--- Entries shown Enclosed Below ---

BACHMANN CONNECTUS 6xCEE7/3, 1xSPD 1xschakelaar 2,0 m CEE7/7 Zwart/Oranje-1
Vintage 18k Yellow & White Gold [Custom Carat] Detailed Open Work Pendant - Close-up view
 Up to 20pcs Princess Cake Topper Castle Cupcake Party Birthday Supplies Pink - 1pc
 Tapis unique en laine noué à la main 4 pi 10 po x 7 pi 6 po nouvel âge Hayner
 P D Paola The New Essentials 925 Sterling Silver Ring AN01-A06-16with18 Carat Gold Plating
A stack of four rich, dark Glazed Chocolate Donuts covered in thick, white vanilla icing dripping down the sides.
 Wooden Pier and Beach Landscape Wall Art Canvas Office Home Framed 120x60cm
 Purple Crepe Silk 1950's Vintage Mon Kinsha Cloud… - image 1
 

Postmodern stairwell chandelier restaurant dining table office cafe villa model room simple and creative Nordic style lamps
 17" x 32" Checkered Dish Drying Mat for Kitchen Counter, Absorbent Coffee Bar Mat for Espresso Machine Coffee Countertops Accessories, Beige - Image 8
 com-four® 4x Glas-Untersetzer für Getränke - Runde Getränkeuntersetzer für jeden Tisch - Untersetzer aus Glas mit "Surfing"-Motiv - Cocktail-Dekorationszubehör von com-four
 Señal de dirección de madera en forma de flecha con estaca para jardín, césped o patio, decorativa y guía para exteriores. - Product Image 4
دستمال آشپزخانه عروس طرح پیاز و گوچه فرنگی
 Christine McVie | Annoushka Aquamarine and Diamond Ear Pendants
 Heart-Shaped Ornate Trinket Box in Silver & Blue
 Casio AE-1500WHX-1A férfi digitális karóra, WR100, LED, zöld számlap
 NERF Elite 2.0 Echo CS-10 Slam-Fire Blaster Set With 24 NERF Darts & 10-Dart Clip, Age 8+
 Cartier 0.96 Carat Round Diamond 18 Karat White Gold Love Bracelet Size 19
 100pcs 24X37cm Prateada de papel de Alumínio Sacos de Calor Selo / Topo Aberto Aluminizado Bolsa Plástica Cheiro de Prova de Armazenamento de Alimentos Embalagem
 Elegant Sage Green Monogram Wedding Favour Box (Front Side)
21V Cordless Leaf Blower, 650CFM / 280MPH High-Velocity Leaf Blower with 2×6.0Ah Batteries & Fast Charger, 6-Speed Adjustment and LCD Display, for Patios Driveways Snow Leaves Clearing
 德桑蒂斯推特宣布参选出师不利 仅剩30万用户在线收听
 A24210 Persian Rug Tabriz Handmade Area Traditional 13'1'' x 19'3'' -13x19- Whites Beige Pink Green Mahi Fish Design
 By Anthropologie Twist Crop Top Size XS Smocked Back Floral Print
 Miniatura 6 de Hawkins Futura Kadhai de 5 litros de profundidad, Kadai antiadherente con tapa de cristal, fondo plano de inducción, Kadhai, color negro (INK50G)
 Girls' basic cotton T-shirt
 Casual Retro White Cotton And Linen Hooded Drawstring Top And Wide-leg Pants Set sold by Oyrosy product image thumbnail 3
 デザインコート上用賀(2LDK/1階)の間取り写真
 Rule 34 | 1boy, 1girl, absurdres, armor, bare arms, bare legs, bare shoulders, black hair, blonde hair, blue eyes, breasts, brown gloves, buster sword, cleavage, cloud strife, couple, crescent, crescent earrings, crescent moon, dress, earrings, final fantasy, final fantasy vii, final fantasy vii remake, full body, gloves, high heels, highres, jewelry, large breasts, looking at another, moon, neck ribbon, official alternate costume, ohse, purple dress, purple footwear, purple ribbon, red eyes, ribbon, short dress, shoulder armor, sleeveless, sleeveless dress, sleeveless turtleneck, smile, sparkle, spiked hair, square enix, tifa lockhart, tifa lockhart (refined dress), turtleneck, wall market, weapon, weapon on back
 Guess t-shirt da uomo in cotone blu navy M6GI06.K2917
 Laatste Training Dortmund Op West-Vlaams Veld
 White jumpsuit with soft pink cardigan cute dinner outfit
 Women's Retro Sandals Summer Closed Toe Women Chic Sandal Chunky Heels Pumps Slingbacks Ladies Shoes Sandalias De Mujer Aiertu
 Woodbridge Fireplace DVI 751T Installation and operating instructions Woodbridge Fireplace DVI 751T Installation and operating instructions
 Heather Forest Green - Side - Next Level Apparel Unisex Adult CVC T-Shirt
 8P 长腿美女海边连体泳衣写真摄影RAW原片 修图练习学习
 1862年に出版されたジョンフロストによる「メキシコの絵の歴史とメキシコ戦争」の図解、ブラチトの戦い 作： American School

--- End of Enclosed Entries shown ---

■ What you will do: Nothing but an exact copy of the lines from the first one above through the line holding "Beige - Image 8" should be returned.

■ Output below:
BACHMANN CONNECTUS 6xCEE7/3, 1xSPD 1xschakelaar 2,0 m CEE7/7 Zwart/Oranje-1
Vintage 18k Yellow & White Gold [Custom Carat] Detailed Open Work Pendant - Close-up view
 Up to 20pcs Princess Cake Topper Castle Cupcake Party Birthday Supplies Pink - 1pc
 Tapis unique en laine noué à la main 4 pi 10 po x 7 pi 6 po nouvel âge Hayner
 P D Paola The New Essentials 925 Sterling Silver Ring AN01-A06-16with18 Carat Gold Plating
A stack of four rich, dark Glazed Chocolate Donuts covered in thick, white vanilla icing dripping down the sides.
 Wooden Pier and Beach Landscape Wall Art Canvas Office Home Framed 120x60cm
 Purple Crepe Silk 1950's Vintage Mon Kinsha Cloud… - image 1
 

Postmodern stairwell chandelier restaurant dining table office cafe villa model room simple and creative Nordic style lamps
 17" x 32" Checkered Dish Drying Mat for Kitchen Counter, Absorbent Coffee Bar Mat for Espresso Machine Coffee Countertops Accessories, Beige - Image 8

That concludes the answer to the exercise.